Israeli agents hacked nearly every traffic camera in Tehran over a period of years in the run-up to the airstrike that killed Iran’s supreme leader, Ali Khamenei, it has emerged.
The images were encrypted and transmitted to servers in Tel Aviv and southern Israel, allowing agents to compile detailed intelligence files on the schedules and movements of the bodyguards and drivers working for regime officials posted near Pasteur Street in Tehran, where Khamenei was killed on Saturday, according to two sources who spoke to the Financial Times.
Israel was also able to disrupt single components of several phone towers near Pasteur Street, making the phones seem as if they were busy when called and stopping Khamenei’s protection detail from receiving possible warnings ahead of the Israeli airstrike on Saturday morning, the newspaper reported.
A current Israeli intelligence official told the FT that long before the strikes began “we knew Tehran like we know Jerusalem”, The continued: “When you know [a place] as well as you know the street you grew up on, you notice a single thing that’s out of place.”

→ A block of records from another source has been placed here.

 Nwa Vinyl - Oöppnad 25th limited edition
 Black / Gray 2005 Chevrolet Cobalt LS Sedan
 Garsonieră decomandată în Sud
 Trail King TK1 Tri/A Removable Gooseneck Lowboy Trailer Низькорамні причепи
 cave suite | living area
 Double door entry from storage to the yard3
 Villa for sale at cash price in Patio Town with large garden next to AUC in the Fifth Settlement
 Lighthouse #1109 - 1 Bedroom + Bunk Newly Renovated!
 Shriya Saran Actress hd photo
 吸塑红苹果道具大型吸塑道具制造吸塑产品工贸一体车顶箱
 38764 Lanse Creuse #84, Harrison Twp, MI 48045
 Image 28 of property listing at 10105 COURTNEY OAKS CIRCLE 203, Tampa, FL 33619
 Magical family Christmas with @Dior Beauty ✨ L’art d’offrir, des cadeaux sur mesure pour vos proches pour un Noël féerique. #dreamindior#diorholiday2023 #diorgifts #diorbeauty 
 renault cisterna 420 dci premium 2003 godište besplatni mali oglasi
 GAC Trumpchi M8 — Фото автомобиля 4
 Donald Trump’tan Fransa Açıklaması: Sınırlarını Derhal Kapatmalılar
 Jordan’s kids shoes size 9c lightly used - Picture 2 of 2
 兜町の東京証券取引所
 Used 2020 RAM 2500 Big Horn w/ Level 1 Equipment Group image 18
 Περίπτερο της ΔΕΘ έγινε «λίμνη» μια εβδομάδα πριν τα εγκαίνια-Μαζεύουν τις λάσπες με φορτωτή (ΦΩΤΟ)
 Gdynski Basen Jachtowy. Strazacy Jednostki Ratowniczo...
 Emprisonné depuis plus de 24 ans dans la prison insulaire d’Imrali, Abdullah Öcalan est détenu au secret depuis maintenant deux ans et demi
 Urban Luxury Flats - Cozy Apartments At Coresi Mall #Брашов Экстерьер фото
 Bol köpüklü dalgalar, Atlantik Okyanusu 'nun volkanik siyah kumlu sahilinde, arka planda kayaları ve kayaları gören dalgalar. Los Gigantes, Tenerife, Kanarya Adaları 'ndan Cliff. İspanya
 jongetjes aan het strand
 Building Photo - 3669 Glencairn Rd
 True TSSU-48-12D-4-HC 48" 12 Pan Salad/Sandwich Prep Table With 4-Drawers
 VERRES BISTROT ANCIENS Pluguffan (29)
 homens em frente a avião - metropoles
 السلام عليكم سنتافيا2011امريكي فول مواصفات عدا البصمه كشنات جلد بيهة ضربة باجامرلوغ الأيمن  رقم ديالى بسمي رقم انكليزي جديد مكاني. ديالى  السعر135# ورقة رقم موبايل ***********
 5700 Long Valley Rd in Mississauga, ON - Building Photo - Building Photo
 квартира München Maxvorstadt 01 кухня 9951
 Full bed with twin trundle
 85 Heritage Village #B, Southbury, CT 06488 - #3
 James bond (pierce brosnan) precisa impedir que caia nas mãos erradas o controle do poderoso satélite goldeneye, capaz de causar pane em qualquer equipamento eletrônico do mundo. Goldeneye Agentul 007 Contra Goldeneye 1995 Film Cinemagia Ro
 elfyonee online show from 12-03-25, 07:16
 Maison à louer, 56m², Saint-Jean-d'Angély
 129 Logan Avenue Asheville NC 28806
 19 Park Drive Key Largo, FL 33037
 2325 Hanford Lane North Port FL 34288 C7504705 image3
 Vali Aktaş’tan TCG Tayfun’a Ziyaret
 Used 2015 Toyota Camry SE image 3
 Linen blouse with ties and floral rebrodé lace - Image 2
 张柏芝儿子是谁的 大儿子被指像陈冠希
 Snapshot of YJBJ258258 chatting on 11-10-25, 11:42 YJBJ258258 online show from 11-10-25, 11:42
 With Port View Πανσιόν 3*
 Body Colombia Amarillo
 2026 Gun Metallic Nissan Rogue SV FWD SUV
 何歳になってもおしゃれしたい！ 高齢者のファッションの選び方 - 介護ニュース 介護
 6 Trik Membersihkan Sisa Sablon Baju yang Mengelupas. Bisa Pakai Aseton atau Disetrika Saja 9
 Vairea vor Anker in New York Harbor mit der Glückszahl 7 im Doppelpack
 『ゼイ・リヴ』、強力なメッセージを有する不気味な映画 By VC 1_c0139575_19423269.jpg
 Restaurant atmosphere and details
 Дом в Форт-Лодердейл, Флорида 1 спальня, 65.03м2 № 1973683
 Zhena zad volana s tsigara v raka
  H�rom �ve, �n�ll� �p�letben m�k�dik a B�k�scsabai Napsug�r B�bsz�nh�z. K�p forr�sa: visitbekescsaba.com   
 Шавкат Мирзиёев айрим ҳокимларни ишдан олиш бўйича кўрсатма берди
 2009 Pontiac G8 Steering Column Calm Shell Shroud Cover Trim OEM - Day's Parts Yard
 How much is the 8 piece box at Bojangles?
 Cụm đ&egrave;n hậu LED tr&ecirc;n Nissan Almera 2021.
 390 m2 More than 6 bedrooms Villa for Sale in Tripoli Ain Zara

The death of the 86-year-old supreme leader in the initial stages of Israel’s Operation Roaring Lion – known to US forces as Operation Epic Fury – marked a significant blow to the regime.
Scores of other senior Iranian officials were also killed in the opening salvoes.
It has since been reported that the timing of the launch hinged on a decision made to seize the limited window of opportunity for a successful strike.
Khamenei’s security had been subject to extraordinary precautions, particularly since the 12-day war last June highlighted Iran’s vulnerability to targeted attacks by Israel.
According to sources speaking to the New York Times, the CIA had also been closely tracking Khamenei’s whereabouts for months.